If the miller’s point of view were not accepted, the next wheat crop would be impaired even before it is sown. So the authorities cannot afford to put off a decision much longer. However, the issue has become a coin that, for the government, has the same design on both sides. Heads or tails, it is a losing call for the administration.
But it can take a stand that has bearing on the future. That can be done only if sugar millers, now holding the authorities virtually to ransom, are not allowed a say in decision-making. That seems difficult as some sugar millers wield considerable influence over the administration; they have access to both Jamali and the General. They are in fact an important component of the administration that cannot be ignored.
The task before the government is simple: either it deals with the issue in an equitable manner or patronizes vested interests. The government can unfortunately not adopt a hard position as sugar mills in the public sector that could be used to create a balance in the sugar industry have been off-loaded. The stark choice is between purchasing the stocks to ensure timely wheat sowing in cane fields or looking the other way when the wheat crop is delayed in vast areas.
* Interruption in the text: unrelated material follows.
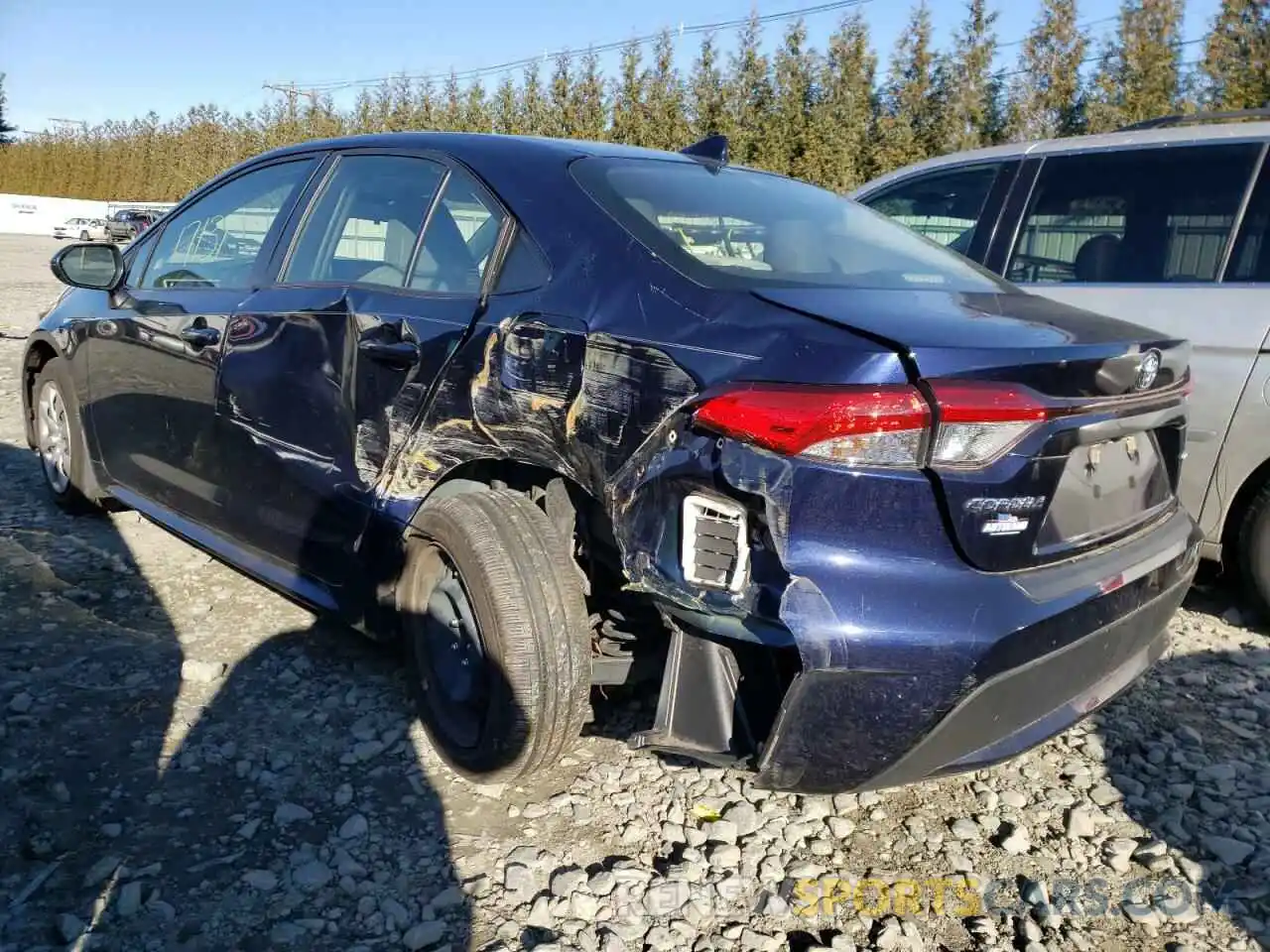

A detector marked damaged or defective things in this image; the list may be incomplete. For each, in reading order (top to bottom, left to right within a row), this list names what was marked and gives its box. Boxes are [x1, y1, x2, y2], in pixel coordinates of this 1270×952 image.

exposed wheel well [21, 341, 59, 448]
damaged blue sedan [25, 130, 1206, 793]
broken bumper [754, 508, 1199, 793]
However, if the authorities capitulate, the sword of delaying wheat would be brandished against it in future also. What it can do is assure the industry of maximum help but make direct payment only to farmers for their standing crop. A more effective approach that can settle sugar industry issues for a long time if not for once and for all would be compensating farmers for their present crop, telling them to clear the fields for wheat and ask the sugar millers to resolve their problems on their own.
They did not over produce and accumulate stocks because of any assurance from the government; there is no reason or argument for the government to bail them out. The decision to over-produce was their own so the stocks should be their responsibility. Hopefully, the authorities would show the courage to do what is in the national interest.